Closer to my goal, I see that the spam package has a nearest.dist() function that allows one to only consider distances less than some threshold, delta. In my case, however, a particular value of delta may produce too many distances (so that I have to store the NxN matrix densely) or too few distances (so that I can't use kNN).
I have seen previous discussion on trying to perform k-means clustering using the bigmemory/biganalytics packages, but it doesn't seem like I can leverage these methods in this case.
Does anybody know a function/implementation that will compute a distance matrix in a sparse fashion in R? My (dreaded) backup plan is to have two for loops and save results in a Matrix object.
Well, we can't have you resorting to for-loops, now can we :)

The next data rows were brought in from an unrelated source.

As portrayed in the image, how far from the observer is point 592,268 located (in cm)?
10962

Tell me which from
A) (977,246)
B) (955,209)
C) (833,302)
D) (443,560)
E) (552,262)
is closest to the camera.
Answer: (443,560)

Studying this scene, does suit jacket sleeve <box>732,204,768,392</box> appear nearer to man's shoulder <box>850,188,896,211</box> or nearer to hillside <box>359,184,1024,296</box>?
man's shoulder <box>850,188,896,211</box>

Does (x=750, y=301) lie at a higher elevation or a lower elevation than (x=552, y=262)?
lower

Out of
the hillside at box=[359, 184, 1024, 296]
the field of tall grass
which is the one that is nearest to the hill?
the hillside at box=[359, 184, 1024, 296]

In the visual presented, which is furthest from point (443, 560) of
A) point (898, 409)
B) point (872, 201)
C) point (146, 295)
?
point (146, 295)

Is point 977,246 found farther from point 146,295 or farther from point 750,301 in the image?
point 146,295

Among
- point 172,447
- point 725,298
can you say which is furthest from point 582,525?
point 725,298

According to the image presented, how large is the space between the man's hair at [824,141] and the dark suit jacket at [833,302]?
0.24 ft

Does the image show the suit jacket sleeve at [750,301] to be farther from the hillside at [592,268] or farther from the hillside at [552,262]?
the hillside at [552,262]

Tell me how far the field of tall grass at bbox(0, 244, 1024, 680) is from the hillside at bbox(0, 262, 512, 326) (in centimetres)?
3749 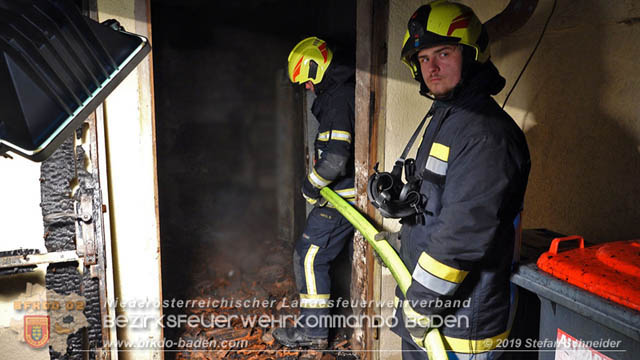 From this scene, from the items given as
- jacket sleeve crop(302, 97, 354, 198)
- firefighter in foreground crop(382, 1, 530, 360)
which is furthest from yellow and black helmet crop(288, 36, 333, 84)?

There is of course the question of how to represent the sparse matrix. A simple way is to have it only contain the indices of the points that are closest (and recalculate as needed). But in the solution below, I put both distance ('d1' etc) and index ('i1' etc) in a single matrix:
sparseDist <- function(m, k) {
m <- t(m)
n <- ncol(m)
d <- vapply( seq_len(n-1L), function(i) {
d<-colSums((m[, seq(i+1L, n), drop=FALSE]-m[,i])^2)
o<-sort.list(d, na.last=NA, method='quick')[seq_len(k)]
c(sqrt(d[o]), o+i)
}, numeric(2*k)
)
dimnames(d) <- list(c(paste('d', seq_len(k), sep=''),
paste('i', seq_len(k), sep='')), colnames(m)[-n])
d
}
Trying it out on 9 2d-points:
> m <- matrix(c(0,0, 1.1,0, 2,0, 0,1.2, 1.1,1.2, 2,1.2, 0,2, 1.1,2, 2,2),
9, byrow=TRUE, dimnames=list(letters[1:9], letters[24:25]))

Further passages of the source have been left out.